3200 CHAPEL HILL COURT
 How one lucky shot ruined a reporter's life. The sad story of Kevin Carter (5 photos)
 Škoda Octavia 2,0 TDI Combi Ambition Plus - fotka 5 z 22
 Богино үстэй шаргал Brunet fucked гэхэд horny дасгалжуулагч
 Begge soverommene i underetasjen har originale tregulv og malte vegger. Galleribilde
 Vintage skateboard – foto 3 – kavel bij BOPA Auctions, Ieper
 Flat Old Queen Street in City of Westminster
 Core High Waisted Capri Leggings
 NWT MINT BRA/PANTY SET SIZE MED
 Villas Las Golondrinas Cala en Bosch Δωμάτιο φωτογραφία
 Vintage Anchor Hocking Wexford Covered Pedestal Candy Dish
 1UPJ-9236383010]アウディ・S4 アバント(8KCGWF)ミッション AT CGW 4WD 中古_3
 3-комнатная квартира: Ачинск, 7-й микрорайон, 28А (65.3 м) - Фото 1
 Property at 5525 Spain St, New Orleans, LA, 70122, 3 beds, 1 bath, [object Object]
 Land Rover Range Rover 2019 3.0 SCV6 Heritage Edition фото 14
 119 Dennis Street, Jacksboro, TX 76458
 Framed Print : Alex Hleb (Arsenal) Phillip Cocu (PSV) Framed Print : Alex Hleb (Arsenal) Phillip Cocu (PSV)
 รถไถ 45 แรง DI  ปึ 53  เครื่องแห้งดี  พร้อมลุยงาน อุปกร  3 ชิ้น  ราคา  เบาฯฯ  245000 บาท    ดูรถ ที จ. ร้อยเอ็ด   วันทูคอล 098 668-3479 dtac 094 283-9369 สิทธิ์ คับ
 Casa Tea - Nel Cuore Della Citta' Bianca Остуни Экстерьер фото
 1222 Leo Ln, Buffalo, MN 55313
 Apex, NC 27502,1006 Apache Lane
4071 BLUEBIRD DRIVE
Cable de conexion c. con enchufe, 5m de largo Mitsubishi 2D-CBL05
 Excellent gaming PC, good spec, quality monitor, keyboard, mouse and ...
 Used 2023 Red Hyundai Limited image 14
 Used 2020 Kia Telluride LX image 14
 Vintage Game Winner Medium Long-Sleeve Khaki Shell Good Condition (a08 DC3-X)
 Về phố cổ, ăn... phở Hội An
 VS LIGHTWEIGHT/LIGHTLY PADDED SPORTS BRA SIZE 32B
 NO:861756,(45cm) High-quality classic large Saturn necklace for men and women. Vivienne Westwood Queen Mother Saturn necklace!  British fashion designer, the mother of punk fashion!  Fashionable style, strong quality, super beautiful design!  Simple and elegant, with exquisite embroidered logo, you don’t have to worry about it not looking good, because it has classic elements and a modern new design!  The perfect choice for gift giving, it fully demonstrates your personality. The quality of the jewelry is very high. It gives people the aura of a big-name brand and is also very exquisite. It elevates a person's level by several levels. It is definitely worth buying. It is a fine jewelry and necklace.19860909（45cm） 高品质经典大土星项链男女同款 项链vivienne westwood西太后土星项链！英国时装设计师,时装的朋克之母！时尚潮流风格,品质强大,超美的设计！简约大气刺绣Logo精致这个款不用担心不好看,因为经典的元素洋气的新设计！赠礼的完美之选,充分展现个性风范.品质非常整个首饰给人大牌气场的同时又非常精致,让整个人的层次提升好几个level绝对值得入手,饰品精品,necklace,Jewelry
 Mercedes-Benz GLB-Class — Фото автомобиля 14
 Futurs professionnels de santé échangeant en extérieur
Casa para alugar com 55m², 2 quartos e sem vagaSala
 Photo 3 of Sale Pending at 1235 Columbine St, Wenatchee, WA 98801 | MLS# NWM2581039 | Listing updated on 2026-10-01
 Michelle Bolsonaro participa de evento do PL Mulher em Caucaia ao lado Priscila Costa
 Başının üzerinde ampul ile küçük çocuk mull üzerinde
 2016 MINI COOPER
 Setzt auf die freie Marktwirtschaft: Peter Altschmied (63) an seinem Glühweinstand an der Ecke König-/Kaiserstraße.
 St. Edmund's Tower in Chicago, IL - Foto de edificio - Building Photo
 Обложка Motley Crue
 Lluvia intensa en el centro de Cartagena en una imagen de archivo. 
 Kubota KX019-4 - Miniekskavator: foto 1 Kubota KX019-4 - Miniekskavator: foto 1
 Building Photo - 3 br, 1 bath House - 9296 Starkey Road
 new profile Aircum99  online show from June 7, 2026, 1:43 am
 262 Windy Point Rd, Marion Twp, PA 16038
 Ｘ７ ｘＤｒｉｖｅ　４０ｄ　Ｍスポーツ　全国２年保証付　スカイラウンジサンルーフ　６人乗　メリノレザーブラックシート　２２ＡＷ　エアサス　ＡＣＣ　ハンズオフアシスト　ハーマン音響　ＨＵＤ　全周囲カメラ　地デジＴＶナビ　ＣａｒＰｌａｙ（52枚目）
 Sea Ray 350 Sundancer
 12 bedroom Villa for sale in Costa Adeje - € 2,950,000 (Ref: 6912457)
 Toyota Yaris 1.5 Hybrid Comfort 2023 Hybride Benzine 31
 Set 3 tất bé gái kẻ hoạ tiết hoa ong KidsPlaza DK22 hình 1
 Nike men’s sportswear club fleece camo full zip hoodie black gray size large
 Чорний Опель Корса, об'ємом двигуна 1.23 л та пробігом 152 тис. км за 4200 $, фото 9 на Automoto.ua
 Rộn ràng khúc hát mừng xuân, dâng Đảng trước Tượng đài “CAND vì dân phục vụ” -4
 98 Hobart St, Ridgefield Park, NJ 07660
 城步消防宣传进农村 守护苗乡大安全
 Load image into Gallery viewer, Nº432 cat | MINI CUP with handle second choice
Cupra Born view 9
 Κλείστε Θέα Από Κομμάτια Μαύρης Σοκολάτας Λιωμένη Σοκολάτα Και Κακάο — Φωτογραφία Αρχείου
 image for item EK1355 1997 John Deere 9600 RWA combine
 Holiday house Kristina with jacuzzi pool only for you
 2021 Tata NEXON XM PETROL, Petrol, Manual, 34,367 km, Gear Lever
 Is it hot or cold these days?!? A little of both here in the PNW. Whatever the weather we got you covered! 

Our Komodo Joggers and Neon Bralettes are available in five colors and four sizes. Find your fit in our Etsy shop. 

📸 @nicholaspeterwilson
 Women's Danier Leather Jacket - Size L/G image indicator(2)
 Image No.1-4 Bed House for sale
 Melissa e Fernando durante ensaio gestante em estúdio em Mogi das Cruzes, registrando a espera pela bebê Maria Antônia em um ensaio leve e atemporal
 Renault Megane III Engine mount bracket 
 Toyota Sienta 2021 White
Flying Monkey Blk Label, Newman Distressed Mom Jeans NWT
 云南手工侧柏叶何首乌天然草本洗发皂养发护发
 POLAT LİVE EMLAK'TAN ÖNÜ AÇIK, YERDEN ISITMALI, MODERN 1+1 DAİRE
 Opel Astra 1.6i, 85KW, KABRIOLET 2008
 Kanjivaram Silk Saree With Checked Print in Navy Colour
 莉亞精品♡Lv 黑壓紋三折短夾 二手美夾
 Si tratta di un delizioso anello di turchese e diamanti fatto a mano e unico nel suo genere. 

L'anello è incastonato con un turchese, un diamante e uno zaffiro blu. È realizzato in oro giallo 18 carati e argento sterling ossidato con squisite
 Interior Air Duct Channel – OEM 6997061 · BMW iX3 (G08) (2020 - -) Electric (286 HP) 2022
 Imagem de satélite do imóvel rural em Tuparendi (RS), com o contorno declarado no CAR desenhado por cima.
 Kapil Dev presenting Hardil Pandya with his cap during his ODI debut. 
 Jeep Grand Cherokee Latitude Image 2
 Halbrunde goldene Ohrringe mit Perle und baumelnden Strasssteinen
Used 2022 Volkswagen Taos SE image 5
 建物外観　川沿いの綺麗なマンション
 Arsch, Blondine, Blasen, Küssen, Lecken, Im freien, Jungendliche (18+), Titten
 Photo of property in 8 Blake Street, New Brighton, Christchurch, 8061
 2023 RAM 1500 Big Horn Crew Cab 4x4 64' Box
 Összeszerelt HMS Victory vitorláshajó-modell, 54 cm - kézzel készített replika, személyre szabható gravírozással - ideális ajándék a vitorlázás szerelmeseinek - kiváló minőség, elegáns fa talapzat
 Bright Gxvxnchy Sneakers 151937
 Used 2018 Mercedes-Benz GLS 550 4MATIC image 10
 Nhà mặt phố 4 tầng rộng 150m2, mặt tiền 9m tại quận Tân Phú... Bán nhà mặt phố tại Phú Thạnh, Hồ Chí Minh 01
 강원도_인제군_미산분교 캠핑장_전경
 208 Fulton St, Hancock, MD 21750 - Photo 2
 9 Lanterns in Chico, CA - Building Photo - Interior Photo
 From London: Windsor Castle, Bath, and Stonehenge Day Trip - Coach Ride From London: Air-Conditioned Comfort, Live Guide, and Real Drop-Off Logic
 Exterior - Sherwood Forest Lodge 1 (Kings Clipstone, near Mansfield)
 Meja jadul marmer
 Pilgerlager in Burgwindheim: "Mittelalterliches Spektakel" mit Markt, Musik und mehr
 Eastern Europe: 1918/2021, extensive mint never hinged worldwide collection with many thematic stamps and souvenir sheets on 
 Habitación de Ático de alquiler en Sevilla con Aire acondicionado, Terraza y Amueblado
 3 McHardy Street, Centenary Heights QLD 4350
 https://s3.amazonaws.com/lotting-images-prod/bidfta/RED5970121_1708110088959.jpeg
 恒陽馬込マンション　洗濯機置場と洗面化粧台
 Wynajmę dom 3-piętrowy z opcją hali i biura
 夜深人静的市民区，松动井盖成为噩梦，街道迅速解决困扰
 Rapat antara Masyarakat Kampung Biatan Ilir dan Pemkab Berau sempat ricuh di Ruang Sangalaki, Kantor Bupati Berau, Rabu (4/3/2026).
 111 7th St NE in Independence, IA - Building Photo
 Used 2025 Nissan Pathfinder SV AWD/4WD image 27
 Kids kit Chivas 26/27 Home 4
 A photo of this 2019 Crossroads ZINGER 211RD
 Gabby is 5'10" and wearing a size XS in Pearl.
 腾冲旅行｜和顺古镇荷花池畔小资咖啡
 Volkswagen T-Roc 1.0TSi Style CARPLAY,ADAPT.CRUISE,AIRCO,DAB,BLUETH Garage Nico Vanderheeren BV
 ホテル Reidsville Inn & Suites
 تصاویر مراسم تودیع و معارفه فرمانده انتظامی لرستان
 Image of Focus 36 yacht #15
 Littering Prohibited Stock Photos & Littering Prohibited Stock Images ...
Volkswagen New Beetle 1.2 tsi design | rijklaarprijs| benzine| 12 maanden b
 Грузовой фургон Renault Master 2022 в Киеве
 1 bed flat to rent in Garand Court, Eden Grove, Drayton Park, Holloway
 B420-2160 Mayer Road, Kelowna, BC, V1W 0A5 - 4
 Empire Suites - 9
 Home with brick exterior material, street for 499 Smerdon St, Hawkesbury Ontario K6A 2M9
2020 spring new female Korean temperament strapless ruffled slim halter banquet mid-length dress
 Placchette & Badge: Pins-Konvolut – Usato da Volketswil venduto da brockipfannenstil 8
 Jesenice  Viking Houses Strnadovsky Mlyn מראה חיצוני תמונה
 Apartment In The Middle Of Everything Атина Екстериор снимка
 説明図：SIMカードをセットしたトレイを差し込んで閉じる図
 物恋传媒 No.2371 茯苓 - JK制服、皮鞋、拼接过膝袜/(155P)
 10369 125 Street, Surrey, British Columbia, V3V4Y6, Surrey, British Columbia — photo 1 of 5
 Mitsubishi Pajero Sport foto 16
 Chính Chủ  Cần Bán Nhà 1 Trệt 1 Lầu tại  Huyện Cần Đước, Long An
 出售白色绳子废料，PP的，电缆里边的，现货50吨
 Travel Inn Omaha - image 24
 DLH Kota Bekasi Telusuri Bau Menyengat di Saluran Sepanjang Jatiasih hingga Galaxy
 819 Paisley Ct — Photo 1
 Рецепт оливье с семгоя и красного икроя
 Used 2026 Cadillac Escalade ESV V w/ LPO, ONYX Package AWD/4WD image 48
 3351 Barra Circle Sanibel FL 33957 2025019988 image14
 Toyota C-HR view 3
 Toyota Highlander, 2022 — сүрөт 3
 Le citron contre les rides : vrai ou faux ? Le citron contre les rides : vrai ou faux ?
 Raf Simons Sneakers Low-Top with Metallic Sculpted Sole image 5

:::::

* _Exercise requirements_
Restate word for word only the lines above from the line containing "How one lucky" to the line containing "VS LIGHTWEIGHT/LIGHTLY PADDED", both of them included.

* _Task solution_
 How one lucky shot ruined a reporter's life. The sad story of Kevin Carter (5 photos)
 Škoda Octavia 2,0 TDI Combi Ambition Plus - fotka 5 z 22
 Богино үстэй шаргал Brunet fucked гэхэд horny дасгалжуулагч
 Begge soverommene i underetasjen har originale tregulv og malte vegger. Galleribilde
 Vintage skateboard – foto 3 – kavel bij BOPA Auctions, Ieper
 Flat Old Queen Street in City of Westminster
 Core High Waisted Capri Leggings
 NWT MINT BRA/PANTY SET SIZE MED
 Villas Las Golondrinas Cala en Bosch Δωμάτιο φωτογραφία
 Vintage Anchor Hocking Wexford Covered Pedestal Candy Dish
 1UPJ-9236383010]アウディ・S4 アバント(8KCGWF)ミッション AT CGW 4WD 中古_3
 3-комнатная квартира: Ачинск, 7-й микрорайон, 28А (65.3 м) - Фото 1
 Property at 5525 Spain St, New Orleans, LA, 70122, 3 beds, 1 bath, [object Object]
 Land Rover Range Rover 2019 3.0 SCV6 Heritage Edition фото 14
 119 Dennis Street, Jacksboro, TX 76458
 Framed Print : Alex Hleb (Arsenal) Phillip Cocu (PSV) Framed Print : Alex Hleb (Arsenal) Phillip Cocu (PSV)
 รถไถ 45 แรง DI  ปึ 53  เครื่องแห้งดี  พร้อมลุยงาน อุปกร  3 ชิ้น  ราคา  เบาฯฯ  245000 บาท    ดูรถ ที จ. ร้อยเอ็ด   วันทูคอล 098 668-3479 dtac 094 283-9369 สิทธิ์ คับ
 Casa Tea - Nel Cuore Della Citta' Bianca Остуни Экстерьер фото
 1222 Leo Ln, Buffalo, MN 55313
 Apex, NC 27502,1006 Apache Lane
4071 BLUEBIRD DRIVE
Cable de conexion c. con enchufe, 5m de largo Mitsubishi 2D-CBL05
 Excellent gaming PC, good spec, quality monitor, keyboard, mouse and ...
 Used 2023 Red Hyundai Limited image 14
 Used 2020 Kia Telluride LX image 14
 Vintage Game Winner Medium Long-Sleeve Khaki Shell Good Condition (a08 DC3-X)
 Về phố cổ, ăn... phở Hội An
 VS LIGHTWEIGHT/LIGHTLY PADDED SPORTS BRA SIZE 32B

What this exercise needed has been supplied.